Retry service discovery when it fails
What does this MR do?
This MR attempts to solve transient issues with postgres service discovery, particularly during the startup of new puma workers.
Before this MR, when service discovery either failed or returned an empty response, the puma worker would run for 60 seconds before attempting service discovery again, leading to 60-second spikes of no_secondaries_available
warning messages (for example, here).
Since we have very few actual service discovery errors (see logging here), simply retrying in the case of an error seems like a reasonable solution.
This also changes empty responses from the nameserver to errors (which then trigger the retry logic), since we expect to always have secondaries available (currently 24 in production) and I believe we rarely incorrectly get empty responses from the nameserver, and want to retry service discovery in that case.

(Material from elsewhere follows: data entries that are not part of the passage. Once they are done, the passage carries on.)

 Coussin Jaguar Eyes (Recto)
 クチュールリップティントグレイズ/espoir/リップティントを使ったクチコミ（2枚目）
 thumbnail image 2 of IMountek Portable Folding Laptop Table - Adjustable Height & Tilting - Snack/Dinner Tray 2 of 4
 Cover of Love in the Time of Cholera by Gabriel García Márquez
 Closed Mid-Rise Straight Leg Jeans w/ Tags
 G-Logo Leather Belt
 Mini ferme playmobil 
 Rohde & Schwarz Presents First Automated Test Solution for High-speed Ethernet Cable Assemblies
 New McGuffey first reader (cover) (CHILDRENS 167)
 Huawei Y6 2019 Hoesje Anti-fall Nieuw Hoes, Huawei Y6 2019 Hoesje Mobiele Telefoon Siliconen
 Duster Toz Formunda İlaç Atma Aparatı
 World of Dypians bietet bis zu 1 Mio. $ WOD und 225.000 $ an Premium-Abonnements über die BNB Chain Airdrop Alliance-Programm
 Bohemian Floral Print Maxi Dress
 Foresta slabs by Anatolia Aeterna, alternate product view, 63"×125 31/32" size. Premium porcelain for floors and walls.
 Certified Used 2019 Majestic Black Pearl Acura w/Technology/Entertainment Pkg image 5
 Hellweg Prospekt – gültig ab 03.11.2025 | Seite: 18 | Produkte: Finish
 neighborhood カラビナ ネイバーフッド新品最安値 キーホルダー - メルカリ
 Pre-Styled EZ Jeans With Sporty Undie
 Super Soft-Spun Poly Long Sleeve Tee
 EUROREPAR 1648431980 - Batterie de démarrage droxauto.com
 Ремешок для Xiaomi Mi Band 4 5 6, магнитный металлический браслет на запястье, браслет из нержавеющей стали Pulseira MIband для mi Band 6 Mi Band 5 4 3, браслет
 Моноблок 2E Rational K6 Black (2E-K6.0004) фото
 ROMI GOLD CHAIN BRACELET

Relates to #323726 (closed).
Screenshots or Screencasts (strongly suggested)
How to setup and validate locally (strongly suggested)
There are a few steps required to run service discovery locally. This is the easiest way I've found.
- Install
dnsmasq
to run a local dns nameserver.-
brew install dnsmasq
(or your package manager of choice)
-
- Start dnsmasq on port 53 (the default)
-
sudo brew services start dnsmasq
(needs sudo because of the privileged port)
-
- Verify that
dnsmasq
is working-
dig @localhost localhost +short
should return127.0.0.1
-
- Stop your local gdk postgresql
gdk stop postgresql
- Run postgresql directly so that it opens a tcp port.
cd your-gdk-dir/postgresql/data && pg_ctl start -D .
- Add the following production entry to your
database.yml
(this problem is only reproducible with RAILS_ENV=production)
production:
main:
adapter: postgresql
encoding: unicode
database: gitlabhq_development
host: localhost
port: 5432
pool: 10
prepared_statements: false
variables:
statement_timeout: 120s
load_balancing:
discover:
nameserver: localhost
port: 53
record: localhost
record_type: A
interval: 60
disconnect_timeout: 120
It's difficult to inject a failure in a local dns nameserver, so my solution when testing this was to insert a breakpoint and disable or re-enable my nameserver between loop iterations.
Add the following line:
diff --git a/lib/gitlab/database/load_balancing/service_discovery.rb b/lib/gitlab/database/load_balancing/service_discovery.rb
index d22134379da..e27e81f4a71 100644
--- a/lib/gitlab/database/load_balancing/service_discovery.rb
+++ b/lib/gitlab/database/load_balancing/service_discovery.rb
@@ -92,6 +92,7 @@ def perform_service_discovery
Gitlab::AppLogger.error(
"Service discovery encountered an error: #{error.message}"
)
+ binding.pry
# Slightly randomize the retry delay so that, in the case of a total
# dns outage, all starting services do not pressure the dns server at the same time.
In one terminal, disable dnsmasq: sudo brew services stop dnsmasq
In another, run rails: env RAILS_ENV=production ENABLE_BOOTSNAP=true bundle exec puma
Wait for the breakpoint to be reached in the rescue
block.
If you would like another failure to happen, simply continue
in pry.
If you would like to recover, sudo brew services start dnsmasq
before continuing.
Note that if you make service discovery fail 3 times here, puma will proceed to start worker threads, and they will all start running service discovery. You will then hit the pry breakpoint in multiple threads at once, and your debug session will be a mess and difficult to use.
Does this MR meet the acceptance criteria?
Conformity
-
I have included changelog trailers, or none are needed. (Does this MR need a changelog?) -
I have added/updated documentation, or it's not needed. (Is documentation required?) -
I have properly separated EE content from FOSS, or this MR is FOSS only. (Where should EE code go?) -
I have added information for database reviewers in the MR description, or it's not needed. (Does this MR have database related changes?) -
I have self-reviewed this MR per code review guidelines. -
This MR does not harm performance, or I have asked a reviewer to help assess the performance impact. (Merge request performance guidelines) -
I have followed the style guides. -
This change is backwards compatible across updates, or this does not apply.
Availability and Testing
-
I have added/updated tests following the Testing Guide, or it's not needed. (Consider all test levels. See the Test Planning Process.) -
I have tested this MR in all supported browsers, or it's not needed. -
I have informed the Infrastructure department of a default or new setting change per definition of done, or it's not needed.